La pareja les siguió por un largo pasillo e ingresaron a la habitación del fondo. Era una habitación bien amueblada, de ambiente cálido. La pareja Smollock se sentó en el sillón cercano a la única ventana del lugar.
—¿Están seguros... están seguros de que es mi pequeña?
La pregunta de la madre quedó en el aire por un breve momento.
—Sí —dijo finalmente El de Hierro—. Comparamos sus registros dentales, la identificación es concluyente.
La madre soltó un fuerte sollozo, y bajó la cabeza. El padre habló:
—¿Ya saben quién lo hizo?
—Todavía no, señor.
—Pero están cerca de cogerle, ¿no?
No hubo una respuesta. Ni era necesario. Su silencio habló por él.
—¿Qué pueden decirme sobre Judy? —quiso saber El de Hierro—. ¿Tenía enemigos?
El señor Smollock lo negó vehementemente.
—Todos la querían —aseguró. Un ligero atisbo de dolor en su voz fue casi perceptible.
—¿Alguna vez se unió con gente de mal vivir?
—Por supuesto que no.
—¿Saben si conoció a alguien nuevo?
—No... no lo sé. Tenía pareja, sí, ella nos lo comentó en la cena de hace dos días, pero jamás le llegamos a conocer.
—Investigaré eso, en caso de que surja algo. —Pausa—. ¿Alguna vez les comentó Judy si algún extraño le seguía camino a la escuela o de regreso a casa?
—No..., ¿qué? Claro que no. ¿A qué viene esa pregunta?
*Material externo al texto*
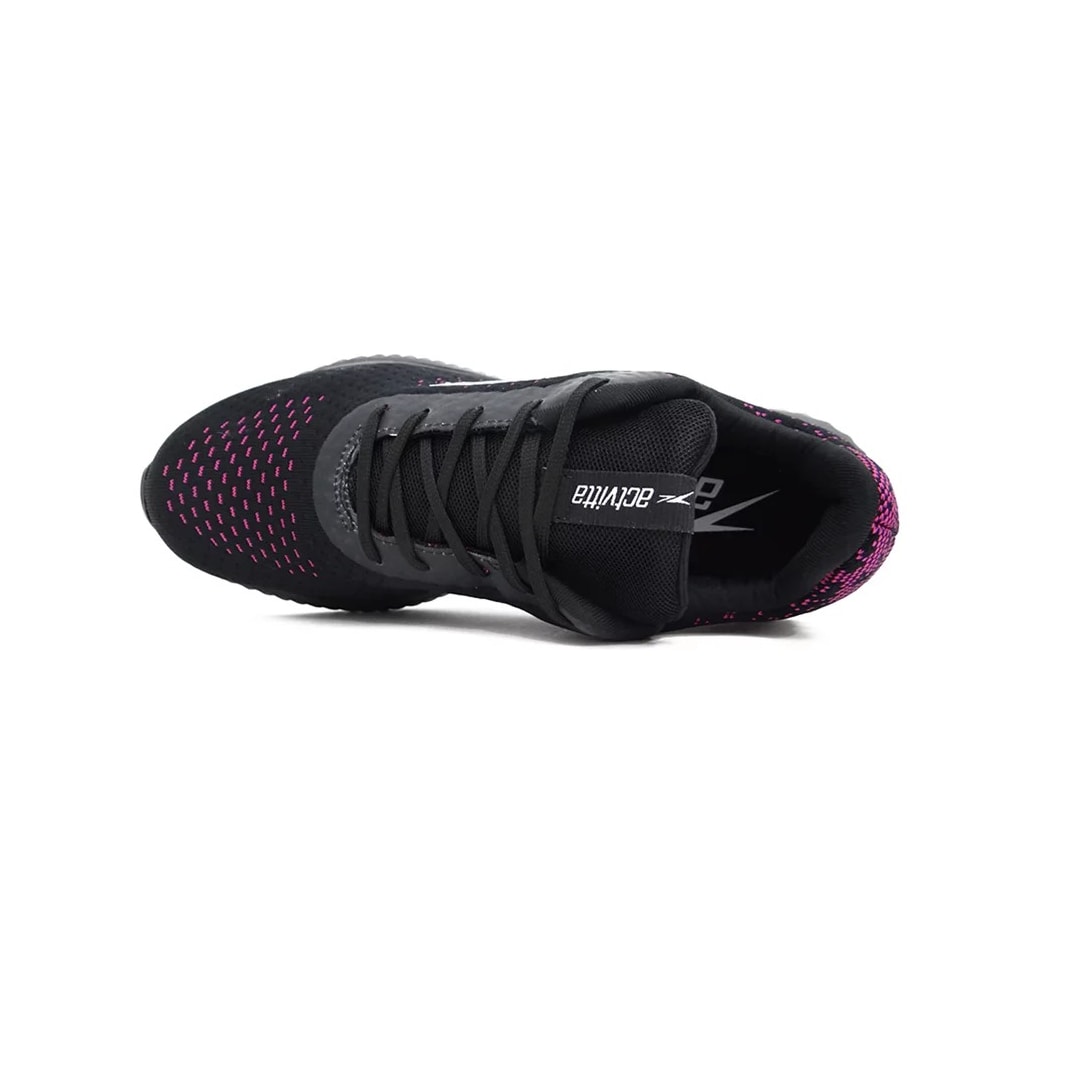 Tênis Actvitta Casual Feminino 4802.125 Preto/Pink Tênis Actvitta Casual Feminino 4802.125 Preto/Pink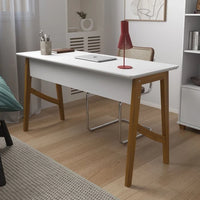 Escrivaninha Office C/ Pés Em Madeira Maciça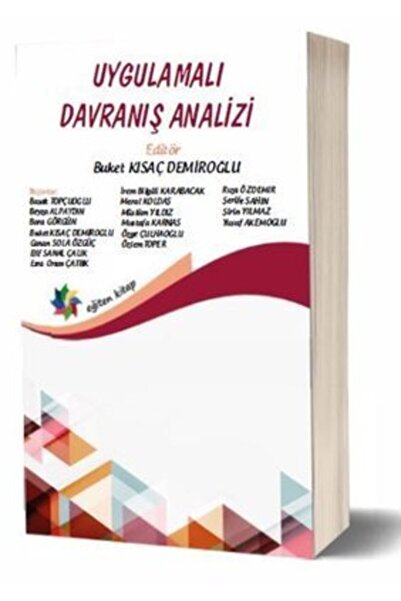 Eğiten Kitap Uygulamalı Davranış Analizi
—Solo es rutina. De casualidad, ¿saben si su hija era amiga de Phineas Armstrong, Kathy Graysmith, Joyce Mackintosh, Lito White o Kimberly Pratt?
El padre puso una expresión que reflejaba una mezcla de desconcierto y comprensión. Reconoció esos nombres, era difícil no hacerlo. Después de todo, esos niños habían sido objeto de interés los últimos cuatro meses.
—Fue él...
—¿Disculpe?
—Ha sido ese cabrón, ¿no es así? ¿El Arcángel Azrael?
—Me temo que no puedo...
—¡¿Sí o no?! —rugió sorpresivamente. A la par, su mirada se empañó—. Soy un padre en duelo, y exijo la verdad. Lo merezco, ¡mi esposa y yo tenemos derecho a saberlo!
El de Hierro se le quedó mirando por un corto momento que pareció ser eterno. <<Sí>>, respondió finalmente. El señor Smollock ya no pudo más. Se derrumbó y acompañó a su esposa en su llanto.
—Fue ese monstruo... —dijo el señor Smollock—. ¿Por qué? ¿Qué fue lo que hicimos, por qué Dios nos está castigando?
—Esto no lo ha hecho Dios —aclaró El de Hierro—. Sino ese individuo perturbado. Y tengan por seguro que lo encontraremos, y lo llevaremos ante la justicia. La muerte de su hija no quedará impune.
—Sí, claro —habló con sarcasmo el señor Smollock—. Apuesto que eso mismo les prometió a los otros padres, ¿verdad?
Entonces, se hizo el silencio otra vez. Pero El de Hierro no permitió que aquello hablara por él por segunda vez.
—Sí —respondió. Y con decisión, añadió—: Se los prometí, y lo pienso cumplir.